Phyllis Marie Gregory Ross,  (1903–April 18, 1988) was a Canadian economist, and civil servant who was the first female chancellor of the University of British Columbia and in the Commonwealth of Nations. She was also the mother of the 17th Prime Minister of Canada, John Turner.

Parentage
Though elsewhere listed as Phyllis Gregory, born in Rossland, British Columbia, in 1903, the 1911 census of the Dominion of Canada, shows her as Phillis [sic] Marie Gregory born in British Columbia in June 1894 [sic] aged 6 (meaning that 1894 is probably a census-taker's error for 1904). Her parents were mining company hoist operator, James William 'Jimmy' Gregory (February 22, 1867 – August 15, 1949, Vancouver), of Stellarton, Pictou County, Nova Scotia, of Irish extraction, and his wife Mary Margaret Macdonald (December 18, 1872 – May 10, 1958, Vancouver), of Mulgrave, Guysborough County, Nova Scotia, daughter of a wealthy shipowning sea captain, of Scottish Catholic origins. They arrived in British Columbia in 1896 from their native Nova Scotia, with their elder children, Marcella and Gladys (later Mrs Michael Gillespie). Phyllis's brother, Howard James Gregory's birth is recorded at Rossland in 1898, though her own does not appear in British Columbia's on-line birth indexes for the period.

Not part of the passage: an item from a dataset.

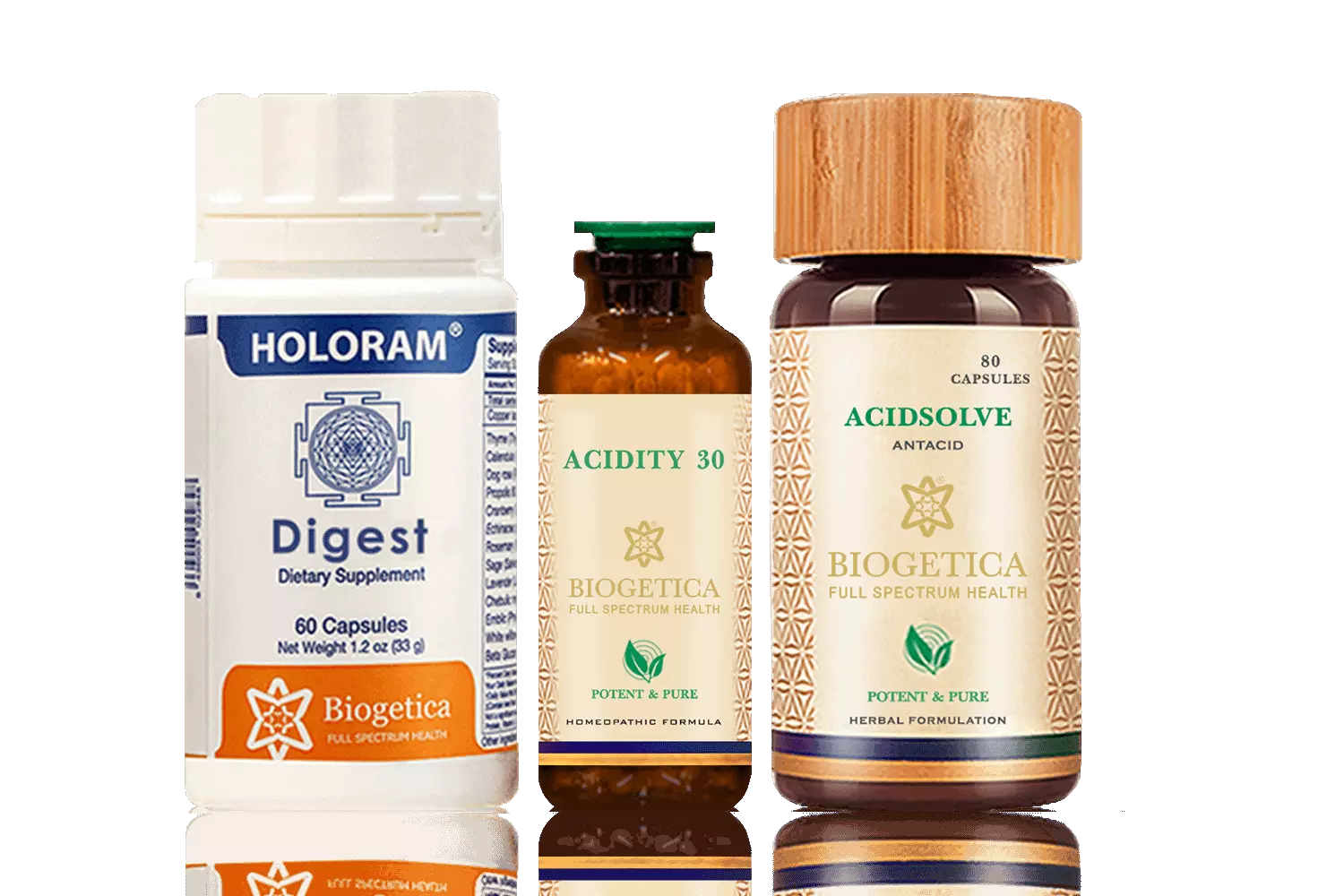 Freedom Digestive Support Kit With Silybummarianum Seeds And Grd 30 Formula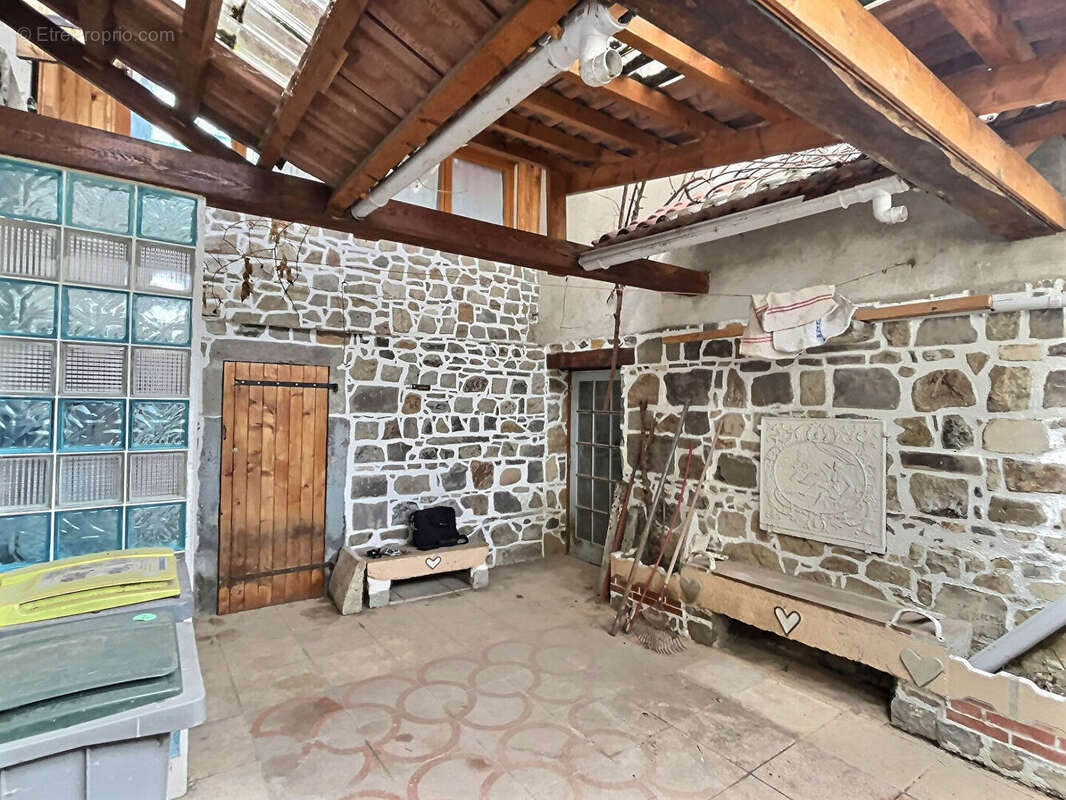 Maison 134m² à gerzat - photo 6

Education, family, and career
She received a Bachelor's degree in economics and political science with first class honours from the University of British Columbia in 1925. During that year she won the Susan B. Anthony Fellowship and attended Bryn Mawr College, where she received her M.A. in 1927. She also studied at the London School of Economics and the University of Marburg. She married journalist Leonard Hugh Turner in London, England, in 1928. They had three children, one of whom, Michael, died in infancy. Her husband died of malaria complicated by goitre when she was 29.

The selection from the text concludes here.